Selenskyj und Poroschenko wohl in der Stichwahl
31. März 2019Der Politneuling und Comedy-Star Wolodymyr Selenskyj, der amtierende Staatschef Präsident Petro Poroschenko und die frühere Ministerpräsidentin Julia Tymoschenko, das waren zuletzt die einzigen drei aus dem Feld der 39 Kandidaten, denen reelle Chancen auf einen Einzug in die Stichwahl am 21. April eingeräumt wurden.
Wie die Wahlkommission nach Auszählung von mehr als der Hälfte der Stimmen bekanntgab, kam der 41-jährige Kabarettist in der ersten Wahlrunde mit 30,2 Prozent der Stimmen auf Platz eins, gefolgt von Amtsinhaber Poroschenko mit 16,7 Prozent.

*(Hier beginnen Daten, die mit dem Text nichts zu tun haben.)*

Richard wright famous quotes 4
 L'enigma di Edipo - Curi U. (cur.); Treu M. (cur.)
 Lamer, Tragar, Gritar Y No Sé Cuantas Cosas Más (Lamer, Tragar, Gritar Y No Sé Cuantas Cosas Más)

Das Teilergebnis bestätigt die ersten Prognosen auf Grundlage von Nachwahlbefragungen, die Selenskyj ebenfalls mit gut 30 Prozent in Führung gesehen hatten. Die frühere Ministerpräsidentin Julia Tymoschenko kommt laut Wahlkommission mit 13,7 Prozent auf Platz drei. Tymoschenko hatte nach der Veröffentlichung der Wahlprognosen am Sonntagabend das Ergebnis angezweifelt und von Manipulationen gesprochen.
Bis erste aussagekräftige Auszählungsergebnisse vorliegen, dürfte es aber noch dauern. Die Organisation für Sicherheit und Zusammenarbeit in Europa (OSZE) überwacht die Wahl und die Auszählung mit Hunderten Beobachtern.
Schokozar gegen Komiker
Die führenden Bewerber gelten als proeuropäisch. Der 53-jährige Poroschenko regiert die Ukraine seit den Maidan-Protesten im Jahr 2014. Nach dem Sturz seines kremltreuen Vorgängers Viktor Janukowitsch versprach er, das Land stärker am Westen auszurichten, gegen Korruption vorzugehen und den bewaffneten Konflikt im Osten zu beenden. Der Konflikt schwelt jedoch weiter, die Korruption ist allgegenwärtig. Aus Sicht vieler Ukrainer hat er die Erwartungen nicht erfüllt. Zwar ermöglichte er das visafreie Reisen in die EU. Aber vielen fehlt dafür das Geld.
Der Schauspieler, TV-Komiker und gelernte Jurist Wladimir Selenskyj, der gute Witze über seine Konkurrenten, aber kein Programm zu bieten hatte, gilt dennoch vielen jungen Ukrainern als Hoffnungsträger. Kritiker sehen die Kanidatur des 41-Jährigen als ein Projekt des Exil-Oligarchen Igor Kolomojski, der mit Poroschenko verfeindet ist. Zudem werfen sie ihm politische Unerfahrenheit, Planlosigkeit und Populismus vor. In einem Interview mit der Nachrichtenagentur AFP hatte Selenskyj zuletzt gesagt, er lerne bereits für seine mögliche neue Aufgabe: "Schließlich will ich nicht wie ein Idiot aussehen."
Einig sind sich Poroschenko und Selenskyj in einer Sache. Beide erklärten vorab, sie wollten die territoriale Unversehrtheit der Ukraine wiederherstellen. Neben den selbst ernannten Volksrepubliken Donezk und Luhansk wollen sie auch die von Russland einverleibte Schwarzmeer-Halbinsel Krim wieder unter ukrainische Hoheit stellen.
Abgeschlagen
Julia Tymoschenko, Veteranin der ukrainischen Politik, wollte es im dritten Anlauf endlich an die Staatsspitze schaffen. Die 58-Jährige legte das umfassendste Programm der Bewerber für eine mögliche Präsidentschaft vor. Sie versprach unter anderem eine Senkung der Gaspreise und kündigte eine Rentenerhöhung an.
Der überlange Stimmzettel bereitete Probleme
Rund 30 Millionen Wahlberechtigte waren aufgerufen, auf dem 80 Zentimeter langen Stimmzettel ein Kreuz zu machen. Die von Russland unterstützten abtrünnigen Regionen Donezk und Luhansk im Kriegsgebiet Donbass im Osten nahmen nicht an der Wahl teil. Die Sicherheitsvorkehrungen in der Ukraine waren hoch. Zehntausende Einsatzkräfte waren abgestellt, um Zwischenfälle zu verhindern.